Jumat, 14 Juni 2013

Penalaran deduktif, Induktif dan kesalahan penalaran


BAB I
Pendahuluan
A.    Latar Belakang
Seperti diketahui, bahasa Indonesia menjadi mata kuliah wajib perguruan tinggi baik negeri maupun swasta. Ada beberapa alasan pemerintah menetapkan hal itu. Alasan yang umum, pembinaan terhadap para penutur bahasa yaitu agar mereka mampu menggunakan bahasa Indonesia dengan baik dan benar harus terus menerus dilaksanakan. Dalam makalah ini kami akan membahas hal yang penting dalam pembelajaran Bahasa Indonesia yaitu penalaran deduktif, induktif, serta kesalahan dalam penalaran.
B.     Rumusan Masalah
1.      Apa yang dimaksud dengan penalaran ?
2.      Bagaimana pembagian penalaran ?








BAB II
Pembahasan
A.    Penalaran Deduktif
Sebelum membahas tentang penalaran deduktif lebih baik kita mengetahui apa itu penalaran.
“Pernalaran adalah proses berpikir yang bertolak dari pengamatan indera (observasi empirik) yang menghasilkan sejumlah konsep dan pengertian.”[1] Berdasarkan pengamatan yang sejenis juga akan terbentuk proposisi – proposisi yang sejenis, berdasarkan sejumlah proposisi yang diketahui atau dianggap benar, orang menyimpulkan sebuah proposisi baru yang sebelumnya tidak diketahui.
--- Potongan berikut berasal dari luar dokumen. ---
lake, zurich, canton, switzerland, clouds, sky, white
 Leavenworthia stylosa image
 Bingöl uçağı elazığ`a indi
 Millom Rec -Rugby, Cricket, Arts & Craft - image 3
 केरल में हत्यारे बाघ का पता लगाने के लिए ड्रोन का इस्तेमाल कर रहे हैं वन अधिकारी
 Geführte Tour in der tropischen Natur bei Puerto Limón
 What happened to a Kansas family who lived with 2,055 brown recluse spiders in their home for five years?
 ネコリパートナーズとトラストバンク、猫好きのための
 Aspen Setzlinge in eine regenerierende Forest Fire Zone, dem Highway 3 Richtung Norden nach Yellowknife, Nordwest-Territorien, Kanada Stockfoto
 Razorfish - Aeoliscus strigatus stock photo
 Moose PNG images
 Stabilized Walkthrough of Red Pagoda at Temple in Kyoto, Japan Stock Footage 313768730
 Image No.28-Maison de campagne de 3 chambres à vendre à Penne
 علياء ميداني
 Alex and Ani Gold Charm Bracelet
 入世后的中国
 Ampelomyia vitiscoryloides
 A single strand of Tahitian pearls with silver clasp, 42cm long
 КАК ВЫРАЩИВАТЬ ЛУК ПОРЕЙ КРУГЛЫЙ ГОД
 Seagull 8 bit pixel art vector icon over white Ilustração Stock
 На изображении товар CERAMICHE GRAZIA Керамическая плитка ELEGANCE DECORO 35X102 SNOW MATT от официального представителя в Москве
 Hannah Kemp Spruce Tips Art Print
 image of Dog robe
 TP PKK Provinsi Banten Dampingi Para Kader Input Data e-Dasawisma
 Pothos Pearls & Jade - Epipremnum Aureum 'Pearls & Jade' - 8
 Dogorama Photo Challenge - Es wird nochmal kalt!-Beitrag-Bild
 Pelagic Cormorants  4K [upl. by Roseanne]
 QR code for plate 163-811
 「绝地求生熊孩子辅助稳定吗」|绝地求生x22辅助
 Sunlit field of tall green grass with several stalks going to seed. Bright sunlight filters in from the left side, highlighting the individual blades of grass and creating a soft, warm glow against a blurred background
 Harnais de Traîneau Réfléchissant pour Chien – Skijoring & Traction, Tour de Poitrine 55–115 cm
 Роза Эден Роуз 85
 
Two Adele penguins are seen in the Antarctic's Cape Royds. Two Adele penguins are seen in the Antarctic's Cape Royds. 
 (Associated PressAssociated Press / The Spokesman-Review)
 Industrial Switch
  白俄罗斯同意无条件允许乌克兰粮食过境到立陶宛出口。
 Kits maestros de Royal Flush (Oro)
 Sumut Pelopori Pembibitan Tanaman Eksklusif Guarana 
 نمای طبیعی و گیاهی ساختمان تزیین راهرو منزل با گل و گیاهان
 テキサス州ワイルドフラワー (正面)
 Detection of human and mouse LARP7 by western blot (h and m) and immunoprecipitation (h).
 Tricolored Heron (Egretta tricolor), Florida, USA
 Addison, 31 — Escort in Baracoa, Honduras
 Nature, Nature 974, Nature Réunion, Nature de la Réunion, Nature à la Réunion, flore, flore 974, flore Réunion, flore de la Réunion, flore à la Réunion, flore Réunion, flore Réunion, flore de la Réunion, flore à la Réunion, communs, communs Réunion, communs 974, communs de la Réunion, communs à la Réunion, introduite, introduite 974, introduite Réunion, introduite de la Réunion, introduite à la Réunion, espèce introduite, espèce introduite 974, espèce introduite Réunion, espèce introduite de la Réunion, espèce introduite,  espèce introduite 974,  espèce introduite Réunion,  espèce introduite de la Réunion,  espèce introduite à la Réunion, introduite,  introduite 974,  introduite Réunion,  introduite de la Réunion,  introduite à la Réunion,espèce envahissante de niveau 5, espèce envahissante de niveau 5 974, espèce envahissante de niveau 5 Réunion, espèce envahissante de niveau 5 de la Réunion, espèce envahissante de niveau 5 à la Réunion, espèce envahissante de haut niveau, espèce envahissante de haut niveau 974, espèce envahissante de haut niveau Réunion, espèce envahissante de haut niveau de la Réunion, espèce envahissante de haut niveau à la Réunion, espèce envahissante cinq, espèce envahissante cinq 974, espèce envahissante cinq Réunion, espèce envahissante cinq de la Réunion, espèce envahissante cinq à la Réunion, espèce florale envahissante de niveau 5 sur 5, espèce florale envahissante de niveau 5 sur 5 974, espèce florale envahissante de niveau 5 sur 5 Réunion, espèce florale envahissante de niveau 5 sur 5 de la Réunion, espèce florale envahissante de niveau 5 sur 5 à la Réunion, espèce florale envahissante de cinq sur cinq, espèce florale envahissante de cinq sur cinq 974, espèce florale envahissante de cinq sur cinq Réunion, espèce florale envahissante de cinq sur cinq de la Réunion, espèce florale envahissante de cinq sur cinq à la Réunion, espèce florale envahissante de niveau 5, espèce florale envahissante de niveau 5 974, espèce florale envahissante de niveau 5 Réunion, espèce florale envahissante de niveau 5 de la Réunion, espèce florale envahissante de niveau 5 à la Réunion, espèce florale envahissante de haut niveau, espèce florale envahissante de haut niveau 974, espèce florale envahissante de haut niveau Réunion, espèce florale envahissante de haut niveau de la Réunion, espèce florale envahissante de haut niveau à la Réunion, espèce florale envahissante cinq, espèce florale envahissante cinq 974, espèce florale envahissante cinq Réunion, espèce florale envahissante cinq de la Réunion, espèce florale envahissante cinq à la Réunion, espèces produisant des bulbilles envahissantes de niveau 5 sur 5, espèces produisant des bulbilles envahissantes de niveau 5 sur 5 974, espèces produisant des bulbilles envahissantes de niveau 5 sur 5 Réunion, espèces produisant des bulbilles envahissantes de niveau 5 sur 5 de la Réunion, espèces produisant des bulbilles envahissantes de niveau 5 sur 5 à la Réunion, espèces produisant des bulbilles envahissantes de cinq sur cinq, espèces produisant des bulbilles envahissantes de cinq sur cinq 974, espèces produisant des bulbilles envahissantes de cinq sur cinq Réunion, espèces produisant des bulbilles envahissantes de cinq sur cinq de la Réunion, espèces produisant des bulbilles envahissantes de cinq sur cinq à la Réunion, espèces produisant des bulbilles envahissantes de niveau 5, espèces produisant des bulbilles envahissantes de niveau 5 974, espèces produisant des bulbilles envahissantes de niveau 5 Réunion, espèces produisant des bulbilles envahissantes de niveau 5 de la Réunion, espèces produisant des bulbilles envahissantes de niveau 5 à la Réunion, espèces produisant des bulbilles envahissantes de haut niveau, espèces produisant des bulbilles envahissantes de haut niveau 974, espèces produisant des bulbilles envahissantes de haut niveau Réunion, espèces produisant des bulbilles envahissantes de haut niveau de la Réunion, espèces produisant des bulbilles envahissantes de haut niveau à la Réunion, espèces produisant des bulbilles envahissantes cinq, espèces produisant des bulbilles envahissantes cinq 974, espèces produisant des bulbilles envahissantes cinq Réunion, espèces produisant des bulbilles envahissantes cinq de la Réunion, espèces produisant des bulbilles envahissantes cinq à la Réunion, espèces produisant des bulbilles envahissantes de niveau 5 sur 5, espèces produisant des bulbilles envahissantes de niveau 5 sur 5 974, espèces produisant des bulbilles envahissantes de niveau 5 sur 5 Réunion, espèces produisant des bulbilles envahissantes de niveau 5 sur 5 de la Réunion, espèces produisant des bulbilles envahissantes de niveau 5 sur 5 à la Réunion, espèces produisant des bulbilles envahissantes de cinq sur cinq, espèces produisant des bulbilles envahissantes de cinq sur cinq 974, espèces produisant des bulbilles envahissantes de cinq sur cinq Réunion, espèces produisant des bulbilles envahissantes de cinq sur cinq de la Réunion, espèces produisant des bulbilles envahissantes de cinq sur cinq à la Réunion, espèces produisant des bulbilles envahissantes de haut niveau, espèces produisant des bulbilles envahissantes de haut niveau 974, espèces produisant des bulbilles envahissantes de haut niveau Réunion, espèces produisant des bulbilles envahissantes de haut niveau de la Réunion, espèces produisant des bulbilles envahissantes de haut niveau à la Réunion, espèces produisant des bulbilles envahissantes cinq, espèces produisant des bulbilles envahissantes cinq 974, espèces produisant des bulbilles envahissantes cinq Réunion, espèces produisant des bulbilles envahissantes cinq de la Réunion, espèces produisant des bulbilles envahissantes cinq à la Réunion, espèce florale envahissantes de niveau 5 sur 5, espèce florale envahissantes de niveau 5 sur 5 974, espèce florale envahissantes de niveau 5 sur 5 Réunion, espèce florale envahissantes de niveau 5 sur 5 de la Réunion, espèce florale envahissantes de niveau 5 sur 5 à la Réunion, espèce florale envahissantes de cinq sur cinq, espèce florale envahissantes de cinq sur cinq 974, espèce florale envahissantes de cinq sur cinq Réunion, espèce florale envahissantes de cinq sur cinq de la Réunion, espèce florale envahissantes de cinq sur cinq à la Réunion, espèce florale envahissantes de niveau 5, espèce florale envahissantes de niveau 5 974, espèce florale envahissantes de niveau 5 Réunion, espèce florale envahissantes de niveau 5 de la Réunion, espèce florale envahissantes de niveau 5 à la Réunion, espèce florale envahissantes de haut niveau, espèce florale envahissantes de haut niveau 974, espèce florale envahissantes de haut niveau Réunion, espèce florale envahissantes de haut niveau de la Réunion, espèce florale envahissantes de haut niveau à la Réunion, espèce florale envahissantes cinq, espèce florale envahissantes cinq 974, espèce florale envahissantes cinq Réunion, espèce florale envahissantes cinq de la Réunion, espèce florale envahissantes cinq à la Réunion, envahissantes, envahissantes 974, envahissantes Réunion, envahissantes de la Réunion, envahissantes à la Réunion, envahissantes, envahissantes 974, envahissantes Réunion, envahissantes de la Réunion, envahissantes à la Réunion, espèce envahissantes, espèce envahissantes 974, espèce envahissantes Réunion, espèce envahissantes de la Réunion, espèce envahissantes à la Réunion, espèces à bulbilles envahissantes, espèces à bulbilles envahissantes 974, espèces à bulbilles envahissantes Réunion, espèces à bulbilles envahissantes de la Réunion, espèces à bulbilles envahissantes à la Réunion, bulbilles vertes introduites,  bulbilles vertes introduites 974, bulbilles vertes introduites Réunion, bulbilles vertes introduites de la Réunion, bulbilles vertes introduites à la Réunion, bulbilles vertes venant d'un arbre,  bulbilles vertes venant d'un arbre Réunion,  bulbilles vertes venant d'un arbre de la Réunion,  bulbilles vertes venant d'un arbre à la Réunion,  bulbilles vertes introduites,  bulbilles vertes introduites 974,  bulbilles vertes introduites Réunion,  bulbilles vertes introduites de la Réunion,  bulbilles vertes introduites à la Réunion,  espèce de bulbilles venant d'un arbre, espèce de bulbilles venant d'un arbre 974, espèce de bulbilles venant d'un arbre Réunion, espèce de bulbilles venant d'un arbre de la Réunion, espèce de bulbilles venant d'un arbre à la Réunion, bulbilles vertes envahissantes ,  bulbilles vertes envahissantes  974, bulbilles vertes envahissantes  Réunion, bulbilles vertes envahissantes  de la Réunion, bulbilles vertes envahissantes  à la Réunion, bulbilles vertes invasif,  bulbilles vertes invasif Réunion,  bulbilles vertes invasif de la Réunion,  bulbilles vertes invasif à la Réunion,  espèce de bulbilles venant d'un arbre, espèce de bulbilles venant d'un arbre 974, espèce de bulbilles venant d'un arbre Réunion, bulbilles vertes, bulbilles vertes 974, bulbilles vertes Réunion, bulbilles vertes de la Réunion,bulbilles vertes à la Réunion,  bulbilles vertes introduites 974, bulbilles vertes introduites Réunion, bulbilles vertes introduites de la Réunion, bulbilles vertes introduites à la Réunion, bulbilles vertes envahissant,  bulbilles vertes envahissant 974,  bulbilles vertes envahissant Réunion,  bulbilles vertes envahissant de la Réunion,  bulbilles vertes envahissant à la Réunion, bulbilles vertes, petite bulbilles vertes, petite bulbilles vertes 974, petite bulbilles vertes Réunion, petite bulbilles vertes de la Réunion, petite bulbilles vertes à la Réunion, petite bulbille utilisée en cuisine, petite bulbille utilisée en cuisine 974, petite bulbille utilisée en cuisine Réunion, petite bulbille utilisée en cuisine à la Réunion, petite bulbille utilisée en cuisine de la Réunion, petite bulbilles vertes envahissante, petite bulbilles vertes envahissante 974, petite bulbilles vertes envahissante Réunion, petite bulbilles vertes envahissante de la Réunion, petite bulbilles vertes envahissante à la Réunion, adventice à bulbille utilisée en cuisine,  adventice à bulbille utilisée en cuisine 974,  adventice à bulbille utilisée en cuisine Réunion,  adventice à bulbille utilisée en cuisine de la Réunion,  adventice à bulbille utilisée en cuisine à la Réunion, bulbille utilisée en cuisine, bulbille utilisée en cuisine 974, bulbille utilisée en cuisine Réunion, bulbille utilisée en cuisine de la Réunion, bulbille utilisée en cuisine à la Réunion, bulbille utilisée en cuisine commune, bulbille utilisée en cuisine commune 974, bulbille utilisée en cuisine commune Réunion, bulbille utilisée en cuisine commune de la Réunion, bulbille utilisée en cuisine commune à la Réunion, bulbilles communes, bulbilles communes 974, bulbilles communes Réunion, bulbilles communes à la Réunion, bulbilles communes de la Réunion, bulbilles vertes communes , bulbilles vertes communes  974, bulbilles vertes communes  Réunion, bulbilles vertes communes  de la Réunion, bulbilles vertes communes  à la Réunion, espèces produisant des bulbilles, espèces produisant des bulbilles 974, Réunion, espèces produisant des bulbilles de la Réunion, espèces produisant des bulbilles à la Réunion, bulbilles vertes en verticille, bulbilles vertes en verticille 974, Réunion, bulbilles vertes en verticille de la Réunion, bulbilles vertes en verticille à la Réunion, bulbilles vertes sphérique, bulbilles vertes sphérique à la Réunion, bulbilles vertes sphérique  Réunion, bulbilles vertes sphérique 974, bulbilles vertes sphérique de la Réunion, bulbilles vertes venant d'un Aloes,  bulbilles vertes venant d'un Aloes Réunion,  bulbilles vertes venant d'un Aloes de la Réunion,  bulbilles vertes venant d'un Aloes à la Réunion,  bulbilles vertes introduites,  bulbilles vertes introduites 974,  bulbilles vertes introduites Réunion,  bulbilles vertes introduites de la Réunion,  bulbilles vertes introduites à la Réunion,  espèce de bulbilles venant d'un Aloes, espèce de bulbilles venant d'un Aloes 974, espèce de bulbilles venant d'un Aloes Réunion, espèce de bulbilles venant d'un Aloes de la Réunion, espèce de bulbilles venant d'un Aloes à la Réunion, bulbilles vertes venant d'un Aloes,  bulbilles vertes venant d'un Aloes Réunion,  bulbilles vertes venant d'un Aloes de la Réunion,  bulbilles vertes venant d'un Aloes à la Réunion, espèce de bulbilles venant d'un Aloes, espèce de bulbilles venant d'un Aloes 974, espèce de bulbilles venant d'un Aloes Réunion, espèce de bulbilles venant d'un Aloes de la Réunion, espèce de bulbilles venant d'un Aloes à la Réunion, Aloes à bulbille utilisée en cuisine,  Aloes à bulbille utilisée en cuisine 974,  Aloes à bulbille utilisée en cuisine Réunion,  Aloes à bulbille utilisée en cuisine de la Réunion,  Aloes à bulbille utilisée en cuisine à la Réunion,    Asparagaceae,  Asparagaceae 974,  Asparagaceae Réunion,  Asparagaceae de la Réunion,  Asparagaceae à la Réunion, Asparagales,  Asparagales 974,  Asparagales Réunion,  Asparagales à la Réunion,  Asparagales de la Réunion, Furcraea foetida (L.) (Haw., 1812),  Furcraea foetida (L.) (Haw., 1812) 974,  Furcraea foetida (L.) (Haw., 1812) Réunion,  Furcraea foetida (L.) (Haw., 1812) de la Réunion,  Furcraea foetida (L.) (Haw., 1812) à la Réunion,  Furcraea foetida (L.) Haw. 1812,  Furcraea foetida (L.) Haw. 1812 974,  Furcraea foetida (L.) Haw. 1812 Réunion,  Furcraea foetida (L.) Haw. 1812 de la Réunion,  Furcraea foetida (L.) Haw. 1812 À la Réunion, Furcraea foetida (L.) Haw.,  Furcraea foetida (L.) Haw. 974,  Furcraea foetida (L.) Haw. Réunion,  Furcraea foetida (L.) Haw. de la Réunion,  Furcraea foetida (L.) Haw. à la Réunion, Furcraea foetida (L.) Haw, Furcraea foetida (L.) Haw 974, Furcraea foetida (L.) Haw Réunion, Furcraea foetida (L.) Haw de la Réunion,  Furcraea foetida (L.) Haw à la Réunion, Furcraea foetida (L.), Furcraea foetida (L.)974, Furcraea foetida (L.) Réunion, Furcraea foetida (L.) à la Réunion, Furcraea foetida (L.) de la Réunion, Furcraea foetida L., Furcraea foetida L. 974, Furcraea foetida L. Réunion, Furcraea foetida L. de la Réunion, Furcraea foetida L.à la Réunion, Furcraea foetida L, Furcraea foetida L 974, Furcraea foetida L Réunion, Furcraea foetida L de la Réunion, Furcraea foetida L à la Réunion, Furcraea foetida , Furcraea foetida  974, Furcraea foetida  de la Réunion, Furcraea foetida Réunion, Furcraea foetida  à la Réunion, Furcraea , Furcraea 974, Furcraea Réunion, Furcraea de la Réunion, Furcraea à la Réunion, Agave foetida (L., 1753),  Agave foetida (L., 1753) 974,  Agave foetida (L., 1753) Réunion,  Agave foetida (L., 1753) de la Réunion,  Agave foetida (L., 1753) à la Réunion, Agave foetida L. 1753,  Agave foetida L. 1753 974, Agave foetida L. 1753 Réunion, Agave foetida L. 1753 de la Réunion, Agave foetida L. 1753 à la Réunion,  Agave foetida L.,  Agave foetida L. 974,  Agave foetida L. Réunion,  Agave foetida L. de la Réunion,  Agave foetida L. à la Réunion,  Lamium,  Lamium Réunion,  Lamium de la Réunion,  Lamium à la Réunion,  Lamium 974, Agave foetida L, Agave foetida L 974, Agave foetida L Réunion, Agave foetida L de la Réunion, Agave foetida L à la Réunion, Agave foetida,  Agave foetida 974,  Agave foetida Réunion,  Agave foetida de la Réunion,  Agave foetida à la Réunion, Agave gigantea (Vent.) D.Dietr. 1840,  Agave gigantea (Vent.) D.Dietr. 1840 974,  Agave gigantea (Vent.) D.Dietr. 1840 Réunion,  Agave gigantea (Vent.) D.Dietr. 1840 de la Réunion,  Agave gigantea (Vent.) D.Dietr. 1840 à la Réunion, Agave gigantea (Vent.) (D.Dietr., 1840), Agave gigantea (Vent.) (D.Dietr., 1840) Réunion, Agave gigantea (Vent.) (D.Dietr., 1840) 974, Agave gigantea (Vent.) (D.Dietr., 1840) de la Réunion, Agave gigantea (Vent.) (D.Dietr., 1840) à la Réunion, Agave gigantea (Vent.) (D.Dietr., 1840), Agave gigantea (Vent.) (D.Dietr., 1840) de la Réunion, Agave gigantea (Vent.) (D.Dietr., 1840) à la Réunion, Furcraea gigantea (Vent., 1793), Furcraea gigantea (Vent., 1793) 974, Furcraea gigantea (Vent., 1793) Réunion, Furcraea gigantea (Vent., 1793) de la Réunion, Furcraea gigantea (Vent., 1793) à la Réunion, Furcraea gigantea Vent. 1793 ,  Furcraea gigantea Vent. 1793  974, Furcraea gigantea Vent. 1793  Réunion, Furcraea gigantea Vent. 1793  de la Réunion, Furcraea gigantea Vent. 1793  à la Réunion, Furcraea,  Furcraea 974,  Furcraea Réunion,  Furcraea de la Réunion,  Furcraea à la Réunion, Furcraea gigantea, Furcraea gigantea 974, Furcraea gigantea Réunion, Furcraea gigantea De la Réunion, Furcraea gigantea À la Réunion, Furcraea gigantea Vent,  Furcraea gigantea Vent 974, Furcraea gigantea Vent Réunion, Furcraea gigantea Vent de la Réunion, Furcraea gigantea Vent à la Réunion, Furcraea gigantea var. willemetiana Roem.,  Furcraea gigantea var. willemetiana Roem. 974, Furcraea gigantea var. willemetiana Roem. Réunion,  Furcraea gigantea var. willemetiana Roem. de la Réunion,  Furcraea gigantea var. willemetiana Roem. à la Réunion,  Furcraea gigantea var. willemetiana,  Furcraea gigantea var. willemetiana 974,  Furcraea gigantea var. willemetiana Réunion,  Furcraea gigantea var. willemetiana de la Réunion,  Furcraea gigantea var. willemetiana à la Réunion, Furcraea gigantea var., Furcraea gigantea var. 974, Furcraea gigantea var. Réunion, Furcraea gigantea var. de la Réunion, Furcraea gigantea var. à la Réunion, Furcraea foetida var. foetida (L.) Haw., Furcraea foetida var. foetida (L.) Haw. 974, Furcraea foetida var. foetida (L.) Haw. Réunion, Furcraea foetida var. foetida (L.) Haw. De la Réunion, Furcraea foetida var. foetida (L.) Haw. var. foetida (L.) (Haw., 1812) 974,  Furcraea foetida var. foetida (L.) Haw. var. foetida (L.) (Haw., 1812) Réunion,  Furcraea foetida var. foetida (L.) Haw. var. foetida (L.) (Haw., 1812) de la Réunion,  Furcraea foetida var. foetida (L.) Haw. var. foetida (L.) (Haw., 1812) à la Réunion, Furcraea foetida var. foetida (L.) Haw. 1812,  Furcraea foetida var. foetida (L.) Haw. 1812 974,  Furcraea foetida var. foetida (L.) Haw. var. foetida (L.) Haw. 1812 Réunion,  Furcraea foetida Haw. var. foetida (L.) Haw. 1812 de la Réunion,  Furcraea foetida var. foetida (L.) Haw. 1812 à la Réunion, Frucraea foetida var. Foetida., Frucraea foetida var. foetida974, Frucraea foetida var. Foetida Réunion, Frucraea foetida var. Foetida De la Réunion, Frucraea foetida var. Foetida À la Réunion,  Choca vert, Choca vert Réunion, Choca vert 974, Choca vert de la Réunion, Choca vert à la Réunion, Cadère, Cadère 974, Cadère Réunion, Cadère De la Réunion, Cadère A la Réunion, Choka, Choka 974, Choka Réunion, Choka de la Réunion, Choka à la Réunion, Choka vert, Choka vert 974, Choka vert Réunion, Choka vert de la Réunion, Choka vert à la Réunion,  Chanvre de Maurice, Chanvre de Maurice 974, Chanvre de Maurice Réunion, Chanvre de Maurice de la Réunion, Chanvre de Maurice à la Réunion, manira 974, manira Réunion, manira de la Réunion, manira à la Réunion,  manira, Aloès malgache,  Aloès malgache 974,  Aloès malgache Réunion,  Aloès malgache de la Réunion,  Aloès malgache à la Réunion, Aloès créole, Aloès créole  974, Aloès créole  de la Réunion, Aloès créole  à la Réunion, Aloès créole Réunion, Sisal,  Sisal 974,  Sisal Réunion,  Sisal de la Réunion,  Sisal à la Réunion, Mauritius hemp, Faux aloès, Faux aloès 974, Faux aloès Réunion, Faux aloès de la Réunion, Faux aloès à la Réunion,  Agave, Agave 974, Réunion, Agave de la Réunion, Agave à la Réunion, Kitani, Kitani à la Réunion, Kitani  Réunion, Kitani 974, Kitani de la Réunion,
Proses inilah yang disebut menalar.
Pernalaran juga dapat diartikan  suatu proses berpikir manusia untuk menghubung-hubungkan data / fakta yang ada sehingga sampai pada suatu simpulan. Fakta / data yang akan dinalar itu boleh benar dan juga tidak.
         Dalam penalaran, Kalimat pernyataan yang dapat dipergunakan sebagai data itu disebut proposisi. proposisi yang dijadikan dasar penyimpulan disebut dengan premis (antesedens) dan hasil kesimpulannya disebut dengan konklusi (consequence).
         Dalam penalaran terdapat dua cara untuk menalar yaitu: Penalaran Induktif dan Penalaran Deduktif.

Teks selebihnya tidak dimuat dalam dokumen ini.